$13 billion sounds like a boatload of bucks to me. And it is.: "The settlement amounts to roughly half the bank's annual profit," report Ben Protess and Jessica Silver-Greenberg in a DealBook piece in today's New York Times. The writers quote US Attorney General Eric Holder:
The size and scope of this resolution should send a clear signal that the Justice Department’s financial fraud investigations are far from over. No firm, no matter how profitable, is above the law, and the passage of time is no shield from accountability.
But the "size and scope" of the settlement isn't quite as rich as it appears at first.
For one thing, it includes a $4 billion settlement reached earlier this fall with the Federal Housing Finance Agency. So it's really a $9 billion settlement.

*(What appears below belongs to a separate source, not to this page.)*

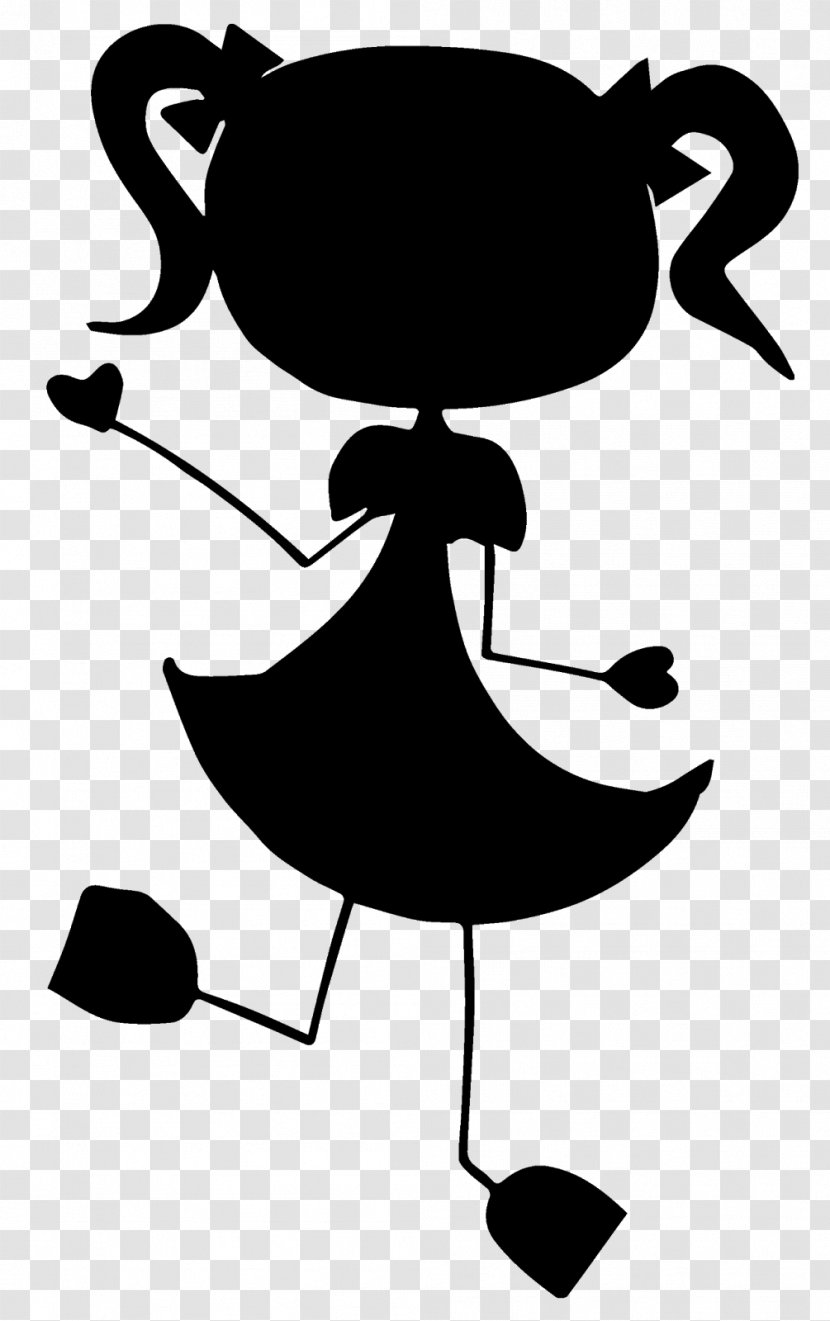 Clip Art Illustration Black & White - Silhouette - M Cartoon Transparent PNG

Still pretty good, right? An acknowledgement that things got crazy out of whack, right? Not really.
As Matthew Yglesias points out in his article for Slate, "just $2 billion takes the form of an actual fine." (I like that "just"!) As for the rest: "The $7 billion in other compensatory payments Morgan will have to make is tax deductible, which assuming they've got smart accountants and lawyers working for them will reduce the real pain by somewhere in the $2-$3 billion range."

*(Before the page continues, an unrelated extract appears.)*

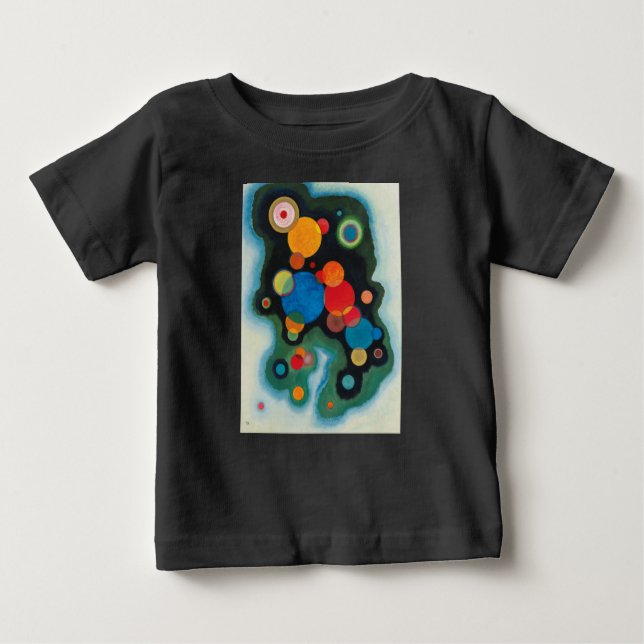 T-shirt Pour Bébé Huile Abstraite de Kandinsky Deepened Impulse sur  (Devant)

And as David Dayen writes for Salon (full article, here),
Nearly half of the [$9 billion] figure comes in the form of “mortgage relief,” which an independent monitor (and what’s so independent about a monitor chosen by the bank?) has four years to distribute. Any time you extend the time horizon of a penalty, you’re reducing its real value.
Sigh.
The government had earlier claimed that it was holding out for an admission of guilt, but in the final statement, JP Morgan Chase admitted to no violations of law. Thankfully, Justice did get a concession that the bank would not try to recoup any of the $13 billion from the Federal Deposit Insurance Corporation (yes, you read that right. New definition of chutzpah!)
Tony West, a senior Justice Department official who worked on this "deal", apparently believes that steep fines will discourage repeat bad behavior.
I wish I thought he was right.
Instead, I'll agree with Bart Naylor, a policy advocate at Public Citizen, whom Protess and Silver-Greenberg quote: "Unless you hold the executives accountable, it really is just the cost of doing business."